We can’t fully flesh out ideas about what protections we need until we see the agreements county staff negotiated. But Sanchez said a memorandum of understanding that’s separate from the bond and LEDA agreements might be necessary to protect the region’s water and ensure financial help with the desalination plant.
Sanchez said the developers’ willingness to help provide clean water for area residents will be a key factor in whether he decides to support Project Jupiter.
What now?
Negotiations should wrap up this week so commissioners have time to review the documents before their Sept. 19 meeting.

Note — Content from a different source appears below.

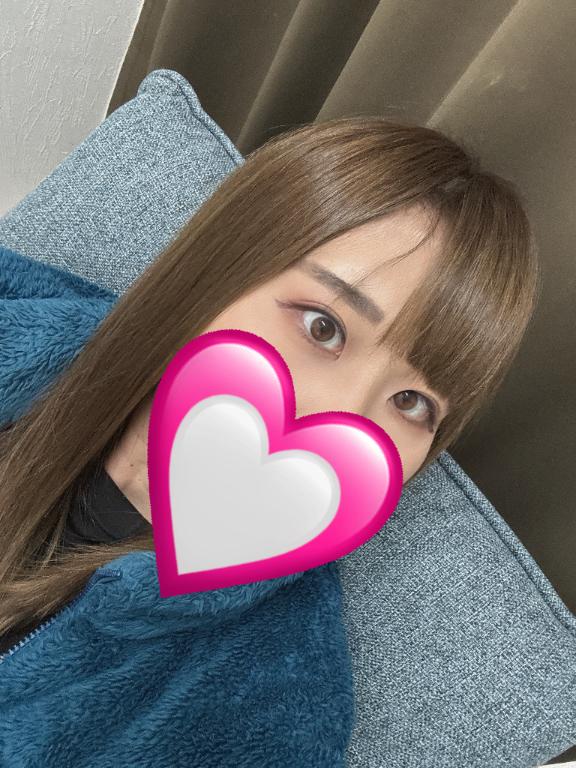 このは 写メ日記 11/3(月) 12:05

I believe commissioners should schedule a work session to discuss the proposed agreements together in front of the public. Give us all a chance to see what’s included and talk about what’s missing, if anything.
If commissioners decide additional agreements are needed, I suggest they pick two of them to join closed-door negotiations. (Three or more commissioners would violate the Open Meetings Act.)
Those two can bring revised agreements back to the full commission.
I realize the additional meeting and negotiations might necessitate a delay of the final votes, but it shouldn’t be a long pause. Commissioners should take enough time to get this right without allowing the process to get bogged down. I’m suggesting few days, or at most a couple of weeks.
We need certainty
The companies say they’re looking at other sites in case Doña Ana County doesn’t work out. But Stack has also posted several job openings on its website for high-paying positions based here.
The company is ready to get to work. The developers of Project Jupiter have already invested a great deal of time and money on their Santa Teresa project, going back to negotiations with the governor and lobbying the Legislature earlier this year.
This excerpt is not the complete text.